[Problem details]: Reproduce exactly, and only, the lines below from the one containing "Mega LED - Slim" through the one containing "free standing cast".

[Information]:
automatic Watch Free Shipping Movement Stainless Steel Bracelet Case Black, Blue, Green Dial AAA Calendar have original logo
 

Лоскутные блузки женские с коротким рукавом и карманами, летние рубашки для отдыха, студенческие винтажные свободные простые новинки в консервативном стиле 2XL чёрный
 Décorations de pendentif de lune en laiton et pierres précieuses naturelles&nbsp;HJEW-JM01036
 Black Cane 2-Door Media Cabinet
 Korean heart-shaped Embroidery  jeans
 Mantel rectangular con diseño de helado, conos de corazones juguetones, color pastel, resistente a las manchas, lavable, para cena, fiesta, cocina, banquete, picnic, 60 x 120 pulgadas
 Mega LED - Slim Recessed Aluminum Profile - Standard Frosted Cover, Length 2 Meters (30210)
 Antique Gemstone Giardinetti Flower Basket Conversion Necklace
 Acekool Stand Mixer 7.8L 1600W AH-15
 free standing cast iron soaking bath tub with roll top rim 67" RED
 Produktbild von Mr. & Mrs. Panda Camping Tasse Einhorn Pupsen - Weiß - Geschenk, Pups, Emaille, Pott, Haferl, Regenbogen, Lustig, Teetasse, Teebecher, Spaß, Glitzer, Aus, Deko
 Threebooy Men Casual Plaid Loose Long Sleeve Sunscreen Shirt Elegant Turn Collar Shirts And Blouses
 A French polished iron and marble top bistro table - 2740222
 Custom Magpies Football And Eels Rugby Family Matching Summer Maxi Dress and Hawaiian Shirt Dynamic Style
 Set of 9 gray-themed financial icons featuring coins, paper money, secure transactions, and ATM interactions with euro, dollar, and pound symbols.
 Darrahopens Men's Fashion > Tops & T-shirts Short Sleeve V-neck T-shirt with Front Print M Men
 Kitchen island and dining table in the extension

[Result of the exercise]:
 Mega LED - Slim Recessed Aluminum Profile - Standard Frosted Cover, Length 2 Meters (30210)
 Antique Gemstone Giardinetti Flower Basket Conversion Necklace
 Acekool Stand Mixer 7.8L 1600W AH-15
 free standing cast iron soaking bath tub with roll top rim 67" RED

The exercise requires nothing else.